It’s a Wide World Out There

I spent this past weekend unwinding in Yosemite National Park. In addition to taking in beautiful scenery and wildlife, I found myself thinking heavily about what nature means to me, and what it means to my jewelry.


I found that when in the wilderness I’m more inclined to look downward. While others marvel over the height of waterfalls and vistas, I’m knocking over logs to see what’s underneath. This weekend I got up-close and personal with every swatch of natural texture. I clambered over rocks like a 5 year old on a jungle gym. This is how I experience the outdoors- and I love every second of it.


It led me into pretty deep thought about what is ‘organic’ in jewelry terms. Nearly every artisan jewelry designer will tell you they are inspired by nature in one form or another- ‘nature’ being blanket term that can mean anything from casting live pine cones and succulents to simply using a surface texture that’s anything other than a high polish.
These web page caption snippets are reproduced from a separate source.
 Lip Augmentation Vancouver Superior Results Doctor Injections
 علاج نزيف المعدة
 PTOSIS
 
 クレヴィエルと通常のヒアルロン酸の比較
Hammered surfaces are considered ‘organic’, patinas on metal are ‘organic’, and even a pierced piece of flat silver sheet is categorized as ‘organic’ if the motif resembles plants or roots. So how is one to be inspired from the world around us without it becoming trite?


This question nagged at me as we wound our way through the rocky trails and tall sequoia trees. The problem is that I like jewelry that is organic inspired even in the most literal of translations. But I feel that other artists have tackled and nailed that style- Sarah Graham and Betsy Barron for instance. What is it that I want to take away from nature and infuse into my own style?
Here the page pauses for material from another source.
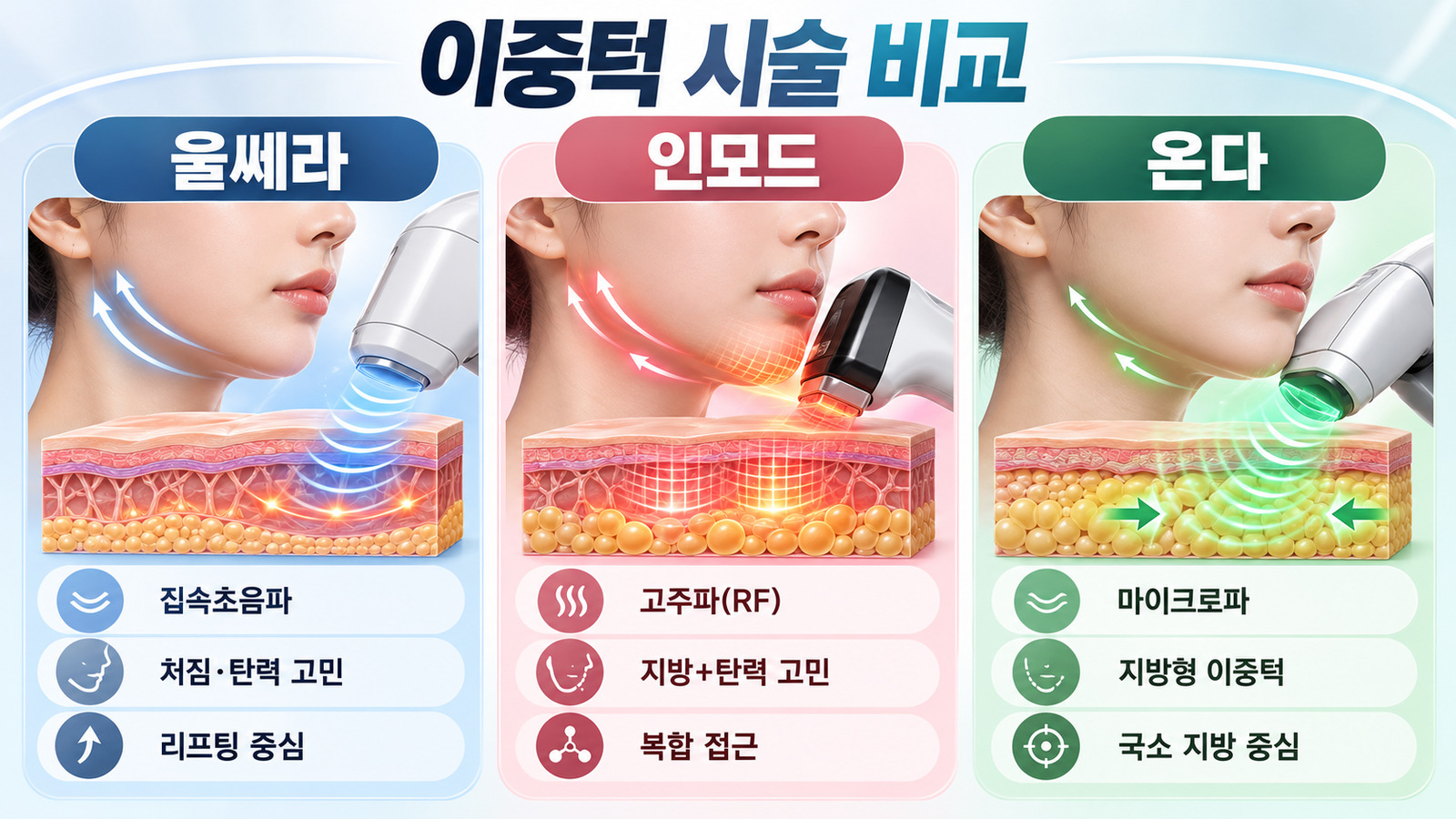 울쎄라의 집속초음파, 인모드의 고주파, 온다의 마이크로파를 턱선과 피부층 그림으로 나란히 비교한 인포그래픽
I’m happy to say that after many miles on the trails, I think I’ve resolved what nature means to me. I’ve plotted out mental notes for a new collection which utilizes natural elements from this weekend and infuses them with my developing aesthetic and style. A mix of meticulous shapes with a hint of wabi-sabi that results in what I’ll give a working title of ‘modern/urban/organic’. Nature’s full of imperfection- and that’s possibly my favorite part.